Mas essa decisão está causando um verdadeiro burburinho e revolta entre os artistas!
O Teatro que Transformou a Cracolândia

O Teatro de Contêiner Mungunzá não é um teatro qualquer. Criado em 2016 pela Companhia Mungunzá de Teatro, ele foi construído com muito esforço e dinheiro de doações em um terreno que antes era abandonado. São 11 contêineres que se transformaram em um polo cultural e social na região da Luz, uma área que muitos consideram esquecida.
Desde 2016, o teatro já realizou mais de 4 mil atividades, incluindo peças, oficinas e ações sociais incríveis, como a distribuição de 500 refeições por dia durante a pandemia e a capacitação de mulheres em situação vulnerável. O espaço já ganhou até prêmios nacionais e internacionais por sua criatividade e pelo impacto positivo na comunidade!
Despejo Injusto? Artistas Se Unem em Defesa!
No dia 26 de maio, a Prefeitura mandou a notificação para o teatro desocupar o local em 15 dias. A prefeitura alega que conversou com o teatro quatro vezes, mas os artistas dizem que não houve um diálogo de verdade, nem um aviso claro. A gestão municipal até propôs realocar o teatro, mas sem apresentar nenhum detalhe, como onde seria o novo local ou como pagariam a mudança.
Em resposta a essa decisão, mais de 40 teatros e 60 grupos de artistas de São Paulo, incluindo nomes super tradicionais como Teatro Oficina e Teatro da Vertigem, se uniram e lançaram uma carta aberta contra o despejo. O manifesto é duro e diz que São Paulo deveria apoiar e estimular a cultura, “jamais interromper um trabalho brilhante de formação de público, artistas e cidadania no centro”.
Os artistas do Teatro de Contêiner estão revoltados e classificam a medida como parte de um “projeto higienista”, que, segundo eles, quer “limpar” o centro da cidade e tirar as pessoas e projetos que não se encaixam em um determinado plano. Eles lembram que existem muitos outros terrenos vazios na cidade que poderiam ser usados para moradia social, sem precisar destruir um espaço cultural tão importante.
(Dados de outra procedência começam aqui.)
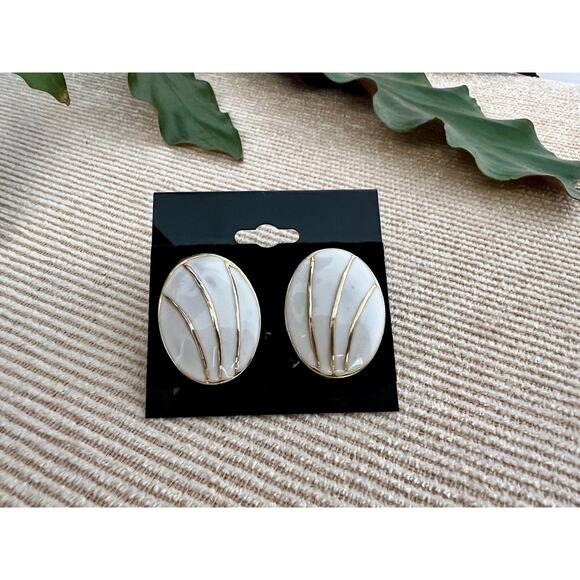 Vintage Mod White & Gold Geometric Earrings, Clip-on Costume Earrings - Picture 6 of 9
Para piorar a situação, no mesmo dia em que a carta foi publicada, o secretário municipal de Cultura, Totó Parente, se reuniu com os artistas e teria dito que o desmonte do teatro é “irreversível”, o que gerou ainda mais indignação.
Apoio Político e Jurídico: A Luta Continua!
O Teatro de Contêiner não está sozinho nessa batalha. Ele tem recebido apoio de políticos como os irmãos Carlos e Celso Gianazzi (PSOL) e o vereador Eduardo Suplicy (PT), que considerou o despejo “injustificável”. Além disso, um grupo de advogados está trabalhando para tentar reverter a decisão na Justiça, argumentando que o despejo viola direitos culturais e sociais.
A notícia gerou uma onda de indignação nas redes sociais, com internautas criticando a prefeitura por “odiar a cultura” e destacar o papel fundamental do teatro na Cracolândia, um “símbolo de resistência” em uma área tão vulnerável.